Brazil: Home of epic kicks, epic asses and epic asskickers.
One of my favorite things about Brazilian MMA news outlet Tatame is their…how to put it nicely…idiosyncratic translations of Portuguese into English. It’s what gives us unintentionally entertaining weirdness like this:
In Las Vegas, it’s a common thing the bars and nightclubs surrender to MMA and prepare a special schedule for each edition of UFC, but the prejudice when it comes to the sport in Brazil was a hard barrier to be break. It wasn’t rare to see the bar owners denying the fans request for watching the “Combate” channel. But the history has taken another course when UFC 126 came.
I kinda like the image of bars and nightclubs “surrender(ing) to MMA” as the hordes of TapOut-clad meatheads who will always wait fruitlessly for a Chuck Liddell comeback fight beat down their doors and smear tanning cream all over the upholstery.

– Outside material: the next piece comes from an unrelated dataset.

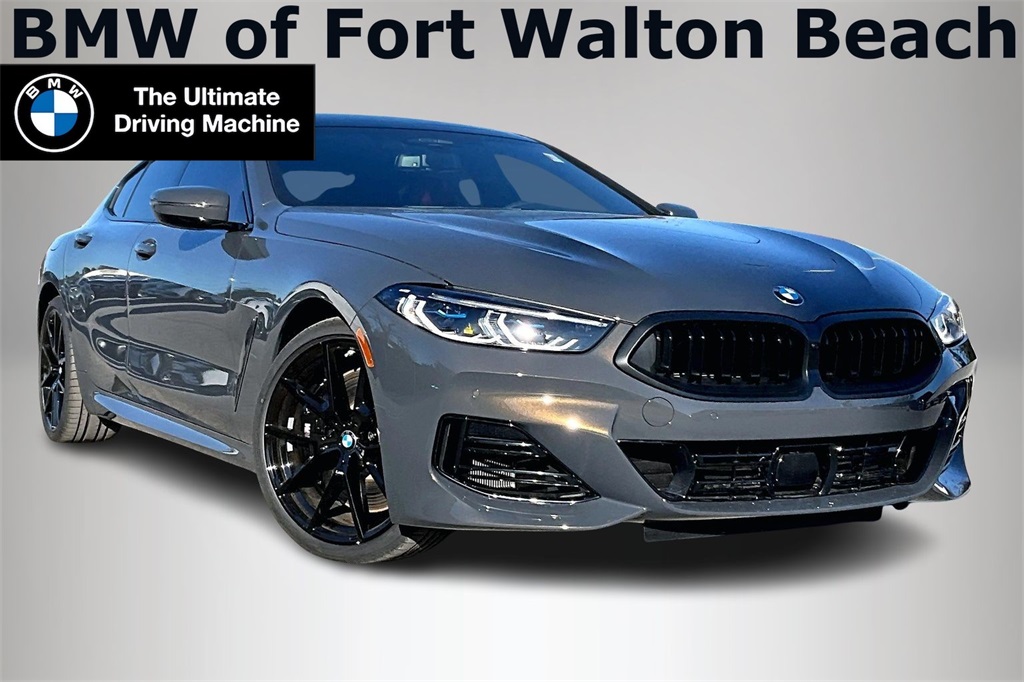 2026 BMW 8 Series 840i's photo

Mainstream, baby. Tangential weirdness aside, it appears that Silva vs. Belfort might be the straw that broke the camel’s back in terms of finally waking up the Brazilian populace to the fact that their country produces some amazing goddamn fighters who might be worth watching:
In Rio de Janeiro, Sao Paulo, Curitiba and the main cities of Brazilian North and Northeast, each bar you go, there was at least one TV tuned on Ultimate. The nightclubs of south neighborhood of Rio de Janeiro, hometown of Belfort, interrupted their parties for some minutes so that the young people would watch the bout. The outcome let the fans sad, and others just said: “it’s helpless, Anderson is unbeatable”.
It’s hard to see this as anything but a positive, given that Brazil is home to so many elite fighters and elite fight camps who will hopefully gain some more prestige and money in the wake of this new mainstream attention. Another beneficiary, hopefully, will be the relatively anemic Brazilian fight scene which doesn’t seem to be up to par with the type of regional circuits you see in the U.S., or even the U.K. and Japan.